Ah ce « vêtement-émotion » qui évoque tellement de moments importants. On en a toutes dans nos placards ou en mémoire. Lorsqu’il nous lâche, on s’y attache davantage et avec le temps qui passe, son souvenir peut devenir une obsession. C’est le principe de la fixette : puiser son énergie dans la frustration. Plus on le cherche, plus on le veut et moins on est armée pour résister à la rencontre avec un ersatz. Mais il manquera toujours une chose essentielle à ce presque pareil : la saveur de l’absent. Si vous êtes sensible à ces mots, demandez-vous pourquoi vous tenez autant à cette robe fatiguée que vous glissez dans votre valise à chaque vacances, à ce blouson qui a connu votre première histoire d’amour ou à ce pull dans lequel vous vous réfugiez lorsque vous êtes fatiguée. Êtes-vous davantage attaché à un lien sentimental ou à l’esthétique et au confort du vêtement ?... Dans le premier cas, dites-vous qu’aucune doublure ne sera jamais à la hauteur du premier rôle. Alors au lieu de « shazamer » de piètres remplaçants et d’accumuler les erreurs d’achat, vous avez intérêt à partir à la rencontre de nouvelles amitiés vestimentaires : le coup de foudre peut se trouver partout. Dans le second cas, à moins de retrouver le modèle original, gardez en tête les atouts majeurs de votre pièce fétiche et partez en exploration. Vous ne rencontrerez peut-être pas une robe d’un bleu identique mais vous tomberez peut-être sur une robe safran au tombé gracieux. Valérie, une passionnée de mode, témoigne : « J’aimais tellement porter ma veste Isabel Marant avec mon pantalon Sœur que lorsque je n’ai plus réussi à rentrer dedans, je les ai rachetés une taille au-dessus sur Vinted.
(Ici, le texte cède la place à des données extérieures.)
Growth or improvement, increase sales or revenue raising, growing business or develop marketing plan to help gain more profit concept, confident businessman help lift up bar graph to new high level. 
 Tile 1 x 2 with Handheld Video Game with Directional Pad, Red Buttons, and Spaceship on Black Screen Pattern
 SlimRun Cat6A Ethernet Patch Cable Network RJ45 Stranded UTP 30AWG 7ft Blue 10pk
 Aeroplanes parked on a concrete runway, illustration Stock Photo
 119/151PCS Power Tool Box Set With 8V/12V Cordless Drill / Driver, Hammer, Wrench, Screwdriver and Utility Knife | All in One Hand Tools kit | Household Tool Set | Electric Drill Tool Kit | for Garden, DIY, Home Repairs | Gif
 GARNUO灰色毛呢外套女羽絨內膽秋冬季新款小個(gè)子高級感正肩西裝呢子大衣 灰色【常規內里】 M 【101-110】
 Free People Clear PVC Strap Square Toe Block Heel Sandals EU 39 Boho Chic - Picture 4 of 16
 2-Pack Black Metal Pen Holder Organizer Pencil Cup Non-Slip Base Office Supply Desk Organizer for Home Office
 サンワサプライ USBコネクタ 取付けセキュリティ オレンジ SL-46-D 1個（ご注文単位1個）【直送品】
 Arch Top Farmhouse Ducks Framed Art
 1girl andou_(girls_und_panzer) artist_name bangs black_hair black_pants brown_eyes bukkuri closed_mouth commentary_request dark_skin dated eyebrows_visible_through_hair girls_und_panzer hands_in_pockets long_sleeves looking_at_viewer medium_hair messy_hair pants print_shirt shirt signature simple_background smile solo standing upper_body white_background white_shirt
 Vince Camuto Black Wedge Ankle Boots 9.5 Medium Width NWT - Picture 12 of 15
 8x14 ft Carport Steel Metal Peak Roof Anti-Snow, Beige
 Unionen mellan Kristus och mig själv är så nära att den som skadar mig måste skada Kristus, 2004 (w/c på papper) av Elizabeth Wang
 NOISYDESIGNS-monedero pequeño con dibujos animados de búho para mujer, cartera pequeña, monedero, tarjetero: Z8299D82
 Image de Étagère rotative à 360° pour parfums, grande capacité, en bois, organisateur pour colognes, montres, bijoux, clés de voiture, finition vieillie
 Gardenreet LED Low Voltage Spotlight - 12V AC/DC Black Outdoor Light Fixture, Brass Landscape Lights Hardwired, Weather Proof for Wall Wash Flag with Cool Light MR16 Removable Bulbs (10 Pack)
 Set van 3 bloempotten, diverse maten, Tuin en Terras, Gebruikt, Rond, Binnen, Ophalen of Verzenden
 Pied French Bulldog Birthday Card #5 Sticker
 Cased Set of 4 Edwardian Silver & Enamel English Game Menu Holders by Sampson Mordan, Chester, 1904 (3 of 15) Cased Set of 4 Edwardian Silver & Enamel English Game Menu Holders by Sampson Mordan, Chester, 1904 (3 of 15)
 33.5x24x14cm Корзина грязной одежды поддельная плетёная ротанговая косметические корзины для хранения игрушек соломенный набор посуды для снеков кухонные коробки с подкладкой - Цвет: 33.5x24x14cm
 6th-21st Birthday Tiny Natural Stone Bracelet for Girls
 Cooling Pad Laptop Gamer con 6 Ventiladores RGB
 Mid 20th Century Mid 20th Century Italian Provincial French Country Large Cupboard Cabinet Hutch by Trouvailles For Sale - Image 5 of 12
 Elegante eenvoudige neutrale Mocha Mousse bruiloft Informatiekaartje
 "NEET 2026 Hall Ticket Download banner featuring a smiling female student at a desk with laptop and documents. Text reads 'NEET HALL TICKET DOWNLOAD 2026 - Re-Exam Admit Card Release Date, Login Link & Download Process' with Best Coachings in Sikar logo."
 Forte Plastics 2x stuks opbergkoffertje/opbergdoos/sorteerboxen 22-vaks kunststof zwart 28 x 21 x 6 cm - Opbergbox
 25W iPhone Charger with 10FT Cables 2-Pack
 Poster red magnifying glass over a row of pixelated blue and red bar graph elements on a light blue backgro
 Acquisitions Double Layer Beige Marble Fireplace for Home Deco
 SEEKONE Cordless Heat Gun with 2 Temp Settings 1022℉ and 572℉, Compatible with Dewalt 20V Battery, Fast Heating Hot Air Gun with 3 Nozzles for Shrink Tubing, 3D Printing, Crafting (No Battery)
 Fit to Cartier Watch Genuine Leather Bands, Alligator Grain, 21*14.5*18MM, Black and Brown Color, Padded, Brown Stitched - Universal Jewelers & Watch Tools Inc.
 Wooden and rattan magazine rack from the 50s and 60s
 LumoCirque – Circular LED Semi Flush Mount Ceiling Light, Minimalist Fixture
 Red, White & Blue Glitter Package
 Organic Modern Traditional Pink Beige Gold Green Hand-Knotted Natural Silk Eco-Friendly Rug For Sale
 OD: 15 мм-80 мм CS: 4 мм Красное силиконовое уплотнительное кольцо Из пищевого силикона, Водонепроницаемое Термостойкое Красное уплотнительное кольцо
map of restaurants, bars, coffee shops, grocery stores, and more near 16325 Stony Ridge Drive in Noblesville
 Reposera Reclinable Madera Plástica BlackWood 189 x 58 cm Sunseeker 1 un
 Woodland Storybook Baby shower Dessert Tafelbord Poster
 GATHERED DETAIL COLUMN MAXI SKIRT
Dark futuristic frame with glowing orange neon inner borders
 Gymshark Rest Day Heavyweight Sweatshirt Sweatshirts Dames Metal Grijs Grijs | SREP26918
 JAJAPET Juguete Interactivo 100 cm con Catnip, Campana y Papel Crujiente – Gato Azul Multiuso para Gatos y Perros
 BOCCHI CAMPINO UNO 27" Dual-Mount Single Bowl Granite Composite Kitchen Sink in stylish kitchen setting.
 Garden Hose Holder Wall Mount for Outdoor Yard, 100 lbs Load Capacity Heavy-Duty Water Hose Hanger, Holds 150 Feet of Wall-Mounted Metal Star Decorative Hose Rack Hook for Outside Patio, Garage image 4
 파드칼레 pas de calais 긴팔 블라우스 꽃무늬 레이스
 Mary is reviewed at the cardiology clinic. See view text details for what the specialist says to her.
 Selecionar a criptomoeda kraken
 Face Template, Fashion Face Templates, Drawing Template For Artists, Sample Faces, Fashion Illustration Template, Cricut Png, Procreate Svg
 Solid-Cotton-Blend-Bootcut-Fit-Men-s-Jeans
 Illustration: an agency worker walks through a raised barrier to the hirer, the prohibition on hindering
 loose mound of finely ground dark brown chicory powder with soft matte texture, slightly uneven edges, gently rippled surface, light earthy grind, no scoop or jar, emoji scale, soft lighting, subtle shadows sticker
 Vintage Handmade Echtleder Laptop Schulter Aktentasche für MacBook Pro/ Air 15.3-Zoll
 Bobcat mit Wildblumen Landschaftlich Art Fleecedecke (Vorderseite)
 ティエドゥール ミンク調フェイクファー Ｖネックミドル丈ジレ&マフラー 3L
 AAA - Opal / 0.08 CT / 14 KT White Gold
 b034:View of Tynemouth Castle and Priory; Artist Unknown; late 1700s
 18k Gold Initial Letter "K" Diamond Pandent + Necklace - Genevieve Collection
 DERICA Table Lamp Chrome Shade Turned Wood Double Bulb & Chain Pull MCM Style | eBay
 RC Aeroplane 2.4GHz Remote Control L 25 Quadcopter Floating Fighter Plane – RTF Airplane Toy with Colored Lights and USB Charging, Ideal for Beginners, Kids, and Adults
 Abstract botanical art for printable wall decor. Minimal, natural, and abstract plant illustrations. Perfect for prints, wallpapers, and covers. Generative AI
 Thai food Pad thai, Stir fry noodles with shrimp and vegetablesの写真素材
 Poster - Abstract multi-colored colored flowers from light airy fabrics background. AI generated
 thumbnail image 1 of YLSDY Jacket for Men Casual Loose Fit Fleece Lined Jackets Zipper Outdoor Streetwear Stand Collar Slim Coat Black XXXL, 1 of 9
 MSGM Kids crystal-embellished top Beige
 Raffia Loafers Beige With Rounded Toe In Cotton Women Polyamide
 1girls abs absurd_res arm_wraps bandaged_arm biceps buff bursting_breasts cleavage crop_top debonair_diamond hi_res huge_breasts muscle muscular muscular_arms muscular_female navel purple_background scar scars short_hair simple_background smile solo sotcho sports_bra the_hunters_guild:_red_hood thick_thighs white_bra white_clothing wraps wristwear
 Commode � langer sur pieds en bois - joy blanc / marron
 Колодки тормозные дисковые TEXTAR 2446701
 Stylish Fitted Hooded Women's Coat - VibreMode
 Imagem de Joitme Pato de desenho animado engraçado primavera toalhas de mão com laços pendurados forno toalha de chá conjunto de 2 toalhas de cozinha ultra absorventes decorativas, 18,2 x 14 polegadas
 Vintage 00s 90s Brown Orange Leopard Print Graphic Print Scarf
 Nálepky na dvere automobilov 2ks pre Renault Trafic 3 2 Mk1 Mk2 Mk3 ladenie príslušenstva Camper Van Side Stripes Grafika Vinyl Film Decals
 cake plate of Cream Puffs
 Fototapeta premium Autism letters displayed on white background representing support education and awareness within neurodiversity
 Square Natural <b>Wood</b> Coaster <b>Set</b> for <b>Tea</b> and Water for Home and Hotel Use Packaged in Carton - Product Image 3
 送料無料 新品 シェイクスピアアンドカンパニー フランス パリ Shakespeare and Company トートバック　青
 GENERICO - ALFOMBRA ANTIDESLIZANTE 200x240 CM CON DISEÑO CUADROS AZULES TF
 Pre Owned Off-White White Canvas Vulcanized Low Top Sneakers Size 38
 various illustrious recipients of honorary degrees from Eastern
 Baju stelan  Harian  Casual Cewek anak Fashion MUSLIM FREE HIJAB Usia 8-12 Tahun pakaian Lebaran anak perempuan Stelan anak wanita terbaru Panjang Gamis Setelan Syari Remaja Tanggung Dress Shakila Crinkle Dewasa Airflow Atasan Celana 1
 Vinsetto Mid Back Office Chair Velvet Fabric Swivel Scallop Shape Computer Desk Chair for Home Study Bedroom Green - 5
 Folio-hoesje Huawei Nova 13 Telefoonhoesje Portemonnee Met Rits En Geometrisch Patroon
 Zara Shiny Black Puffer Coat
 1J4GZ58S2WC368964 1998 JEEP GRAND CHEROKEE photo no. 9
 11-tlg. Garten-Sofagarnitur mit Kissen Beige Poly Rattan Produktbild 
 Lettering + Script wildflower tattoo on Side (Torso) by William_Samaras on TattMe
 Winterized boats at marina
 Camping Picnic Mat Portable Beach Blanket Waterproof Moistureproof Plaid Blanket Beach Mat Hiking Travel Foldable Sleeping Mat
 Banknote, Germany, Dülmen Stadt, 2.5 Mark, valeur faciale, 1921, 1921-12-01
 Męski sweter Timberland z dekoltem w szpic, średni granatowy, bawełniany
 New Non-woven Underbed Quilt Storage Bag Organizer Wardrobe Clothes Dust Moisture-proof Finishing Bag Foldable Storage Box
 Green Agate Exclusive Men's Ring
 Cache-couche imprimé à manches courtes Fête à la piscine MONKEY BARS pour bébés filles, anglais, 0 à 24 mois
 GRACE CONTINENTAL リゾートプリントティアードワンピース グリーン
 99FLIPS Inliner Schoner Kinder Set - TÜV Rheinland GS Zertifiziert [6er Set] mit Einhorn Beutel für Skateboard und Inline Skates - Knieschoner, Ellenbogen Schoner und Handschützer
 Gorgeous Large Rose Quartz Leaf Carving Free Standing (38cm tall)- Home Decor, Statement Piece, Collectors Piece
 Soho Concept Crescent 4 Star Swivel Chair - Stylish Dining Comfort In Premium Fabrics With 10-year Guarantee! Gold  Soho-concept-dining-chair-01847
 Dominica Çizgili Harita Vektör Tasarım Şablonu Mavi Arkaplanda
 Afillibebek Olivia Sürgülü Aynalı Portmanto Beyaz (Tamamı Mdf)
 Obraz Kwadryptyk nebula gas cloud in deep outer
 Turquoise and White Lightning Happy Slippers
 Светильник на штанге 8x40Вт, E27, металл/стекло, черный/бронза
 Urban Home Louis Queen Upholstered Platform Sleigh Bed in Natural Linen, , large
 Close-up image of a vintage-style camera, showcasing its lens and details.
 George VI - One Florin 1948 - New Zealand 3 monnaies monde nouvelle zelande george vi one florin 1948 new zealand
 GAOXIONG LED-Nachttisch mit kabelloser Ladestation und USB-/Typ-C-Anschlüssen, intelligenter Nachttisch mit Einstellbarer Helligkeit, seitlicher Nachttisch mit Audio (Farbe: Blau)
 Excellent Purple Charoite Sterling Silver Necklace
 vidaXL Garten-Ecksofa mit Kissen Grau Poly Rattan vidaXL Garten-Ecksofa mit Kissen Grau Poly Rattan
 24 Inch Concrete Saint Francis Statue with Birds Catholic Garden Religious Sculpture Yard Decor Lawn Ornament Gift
Une exception parce que je ne cherche jamais à retrouver des pièces du passé. Elles appartiennent à mon ancien moi et je préfère la nouveauté. » Dites-vous qu’il y aura forcément des trésors que vous regretterez. Mais en matière de vêtements aussi, c’est bon de lâcher prise. C’est un bon moyen de faire évoluer son style.